### Your objective
Leave the pictures out and return every line below exactly.

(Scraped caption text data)

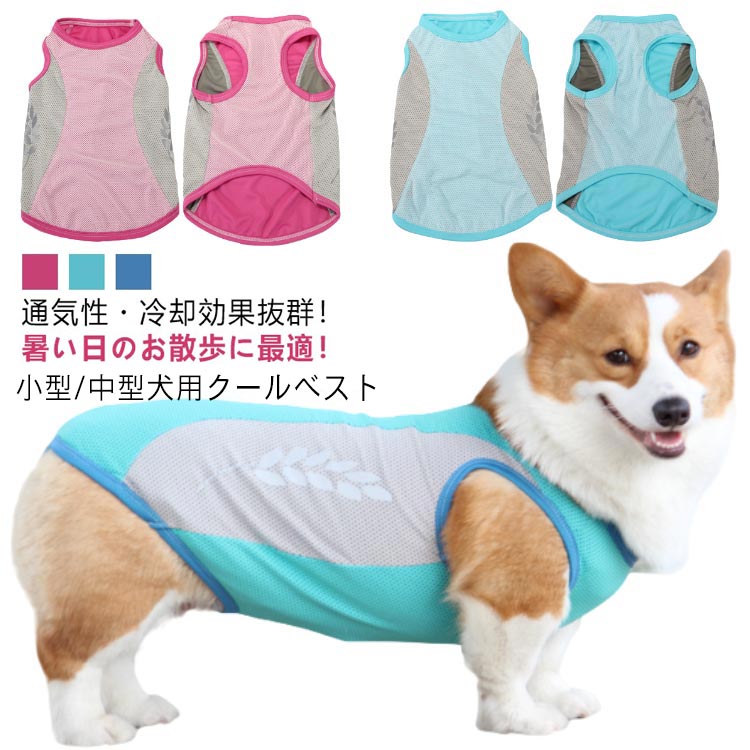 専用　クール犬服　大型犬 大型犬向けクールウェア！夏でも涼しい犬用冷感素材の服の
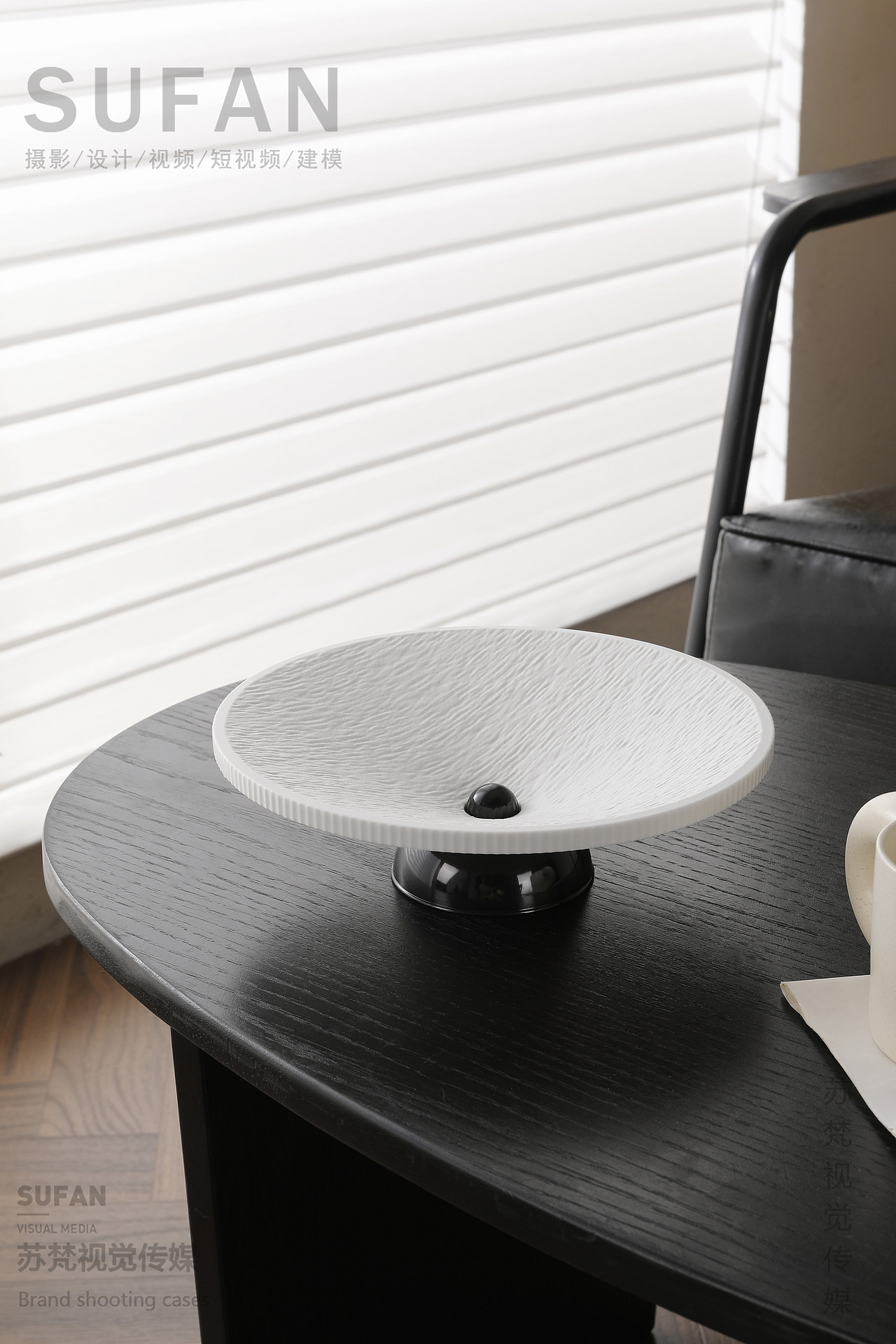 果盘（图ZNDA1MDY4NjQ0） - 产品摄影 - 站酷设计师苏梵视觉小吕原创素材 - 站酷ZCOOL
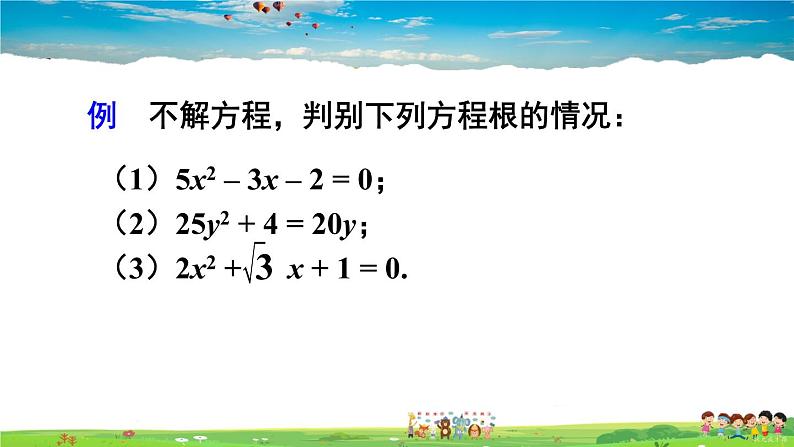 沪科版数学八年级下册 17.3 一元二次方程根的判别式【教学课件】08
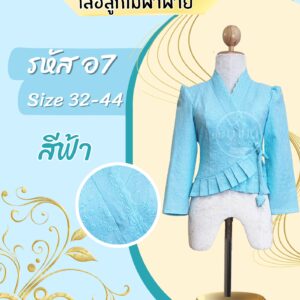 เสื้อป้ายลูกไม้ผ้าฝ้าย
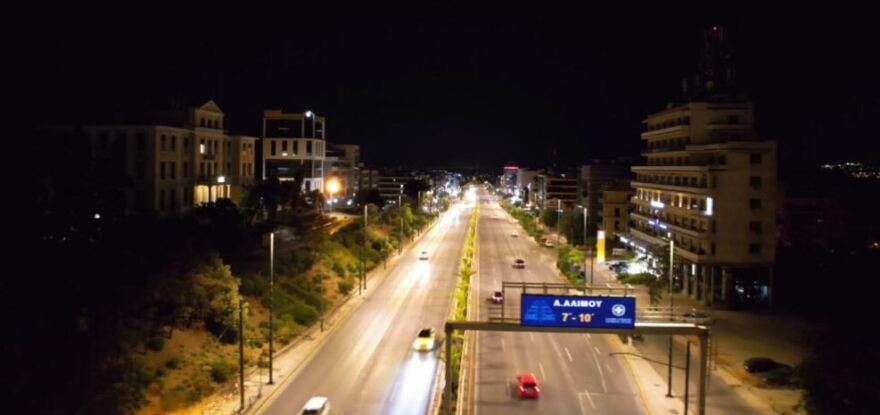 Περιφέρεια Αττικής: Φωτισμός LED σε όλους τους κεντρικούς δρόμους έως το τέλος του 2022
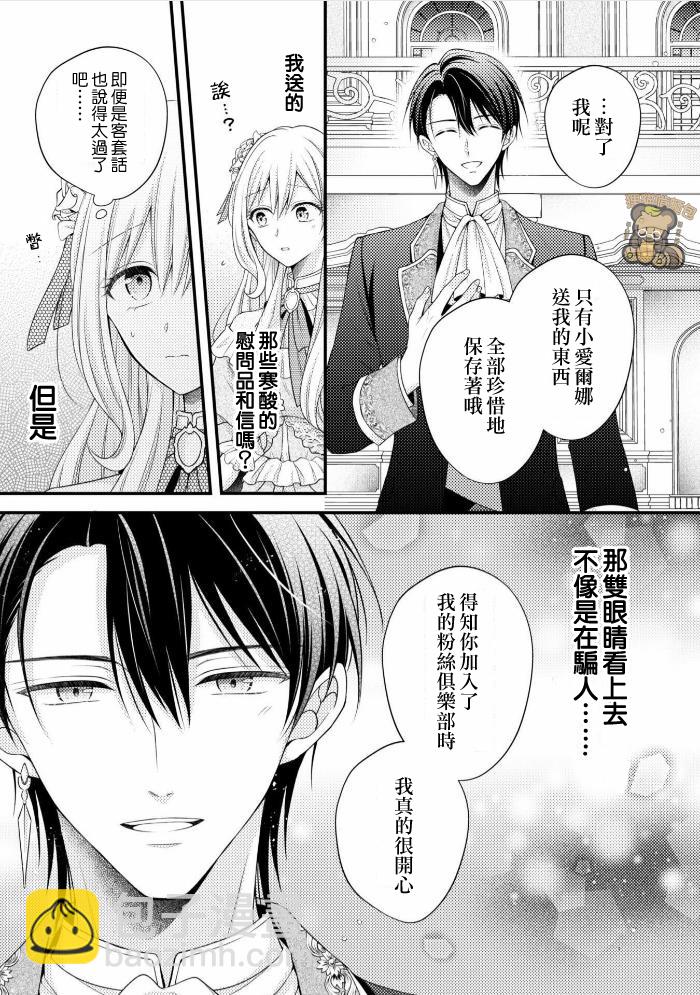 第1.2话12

### Solution for this exercise
 専用　クール犬服　大型犬 大型犬向けクールウェア！夏でも涼しい犬用冷感素材の服の
 果盘（图ZNDA1MDY4NjQ0） - 产品摄影 - 站酷设计师苏梵视觉小吕原创素材 - 站酷ZCOOL
 沪科版数学八年级下册 17.3 一元二次方程根的判别式【教学课件】08
 เสื้อป้ายลูกไม้ผ้าฝ้าย
 Περιφέρεια Αττικής: Φωτισμός LED σε όλους τους κεντρικούς δρόμους έως το τέλος του 2022
 第1.2话12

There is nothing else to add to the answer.